Jack Roosevelt Robinson (played by Chadwick Boseman) is most noted for being the first black Major League Baseball player. He was a sign of hope to many in the black community, young and old. The movie touches on the events and the struggles he had to endure in order to earn the game-changing honor of being a black man in a white man’s sport.
Writer/director Helgeland wrote Robin Hood, Man on Fire, The Taking of Pelham 123 and Cirque du Freak: The Vampire’s Assistant, to name a few. As a writer Helgeland can be hit-or-miss; for every great film he writes, there is a Nightmare on Elm Street 4: The Dream Master.
Thankfully, Helgeland’s take on Jackie Robinson isn’t a miss.
From a director standpoint, Helgeland successfully harkens back to a tense time when a group of drunken white men was more of a fearful sight than a bunch of gang members. The white men had the law on their side at the time.
Visually, Helgeland sends up a nice postcard of the black communities in Florida. It appears that many blacks enjoyed gorgeous houses in quiet neighborhoods and dressed up for every occasion.
Even though race tensions were what they were back in the late 1940s, blacks still took pride in their appearance, whether personal or the appearance of their homes. It does become apparent, however, that Helgeland used the same house to represent four different houses. Despite being shot at different angles to give the illusion of multiple houses, it is still obvious. But that’s a minor point.

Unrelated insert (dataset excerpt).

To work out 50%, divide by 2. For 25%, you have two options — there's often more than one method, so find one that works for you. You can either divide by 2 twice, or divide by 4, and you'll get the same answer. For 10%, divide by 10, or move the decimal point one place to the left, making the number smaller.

Boseman, who’s paid his dues with guest spots on many television series since 2003, made sure he was prepared for his role, down to his physique. And Boseman has the moxie to pull off Robinson. It takes a strong person to endure racial slurs and threats from team members, fans and the general public and not react. Not many people could do that. Boseman is one to watch.
The same goes for Nicole Beharie, who plays Rachel Robinson, Jackie’s wife. Beharie, who sometimes acts with her lips, gives her best performance to date. Beharie is no stranger to playing historical women; she also was Ernie Davis’ girlfriend in The Express.

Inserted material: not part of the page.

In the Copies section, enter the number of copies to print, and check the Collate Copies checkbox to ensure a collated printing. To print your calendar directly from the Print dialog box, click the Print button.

After seeing her go nutso in Woman Thou Art Loosed: On the 7th Day, it’s evident that she is capable of stretching those acting muscles. She just has to keep in mind that the best acting happens when the actor loses him- or herself in the character, not the character lost inside the actor.
Harrison Ford as the Brooklyn Dodgers’ top executive, Branch Rickey, gives a great performance as a Methodist trying to do one last good deed before retirement.
Rickey is the man who conceptualizes the idea of a black man in Major League Baseball and does whatever it takes to see it through. He is the driving force who gets Jackie to be what he needs to be, so that he can leave a mark on young boys (white and black) who will look up to not only a great black man, but a great baseball player.
As a movie, 42 is also a love letter to baseball, depicting a time of change for the better. Robinson may not have been a civil rights activist doing sit-ins and demonstrations at that time. But having the strength, courage and determination to stand by himself and turn the other cheek on racism was just as impactful.
The best takeaway from 42, other than giving honor to such a great man, is to remember the sacrifices of those who came before us, so that we do not repeat this history.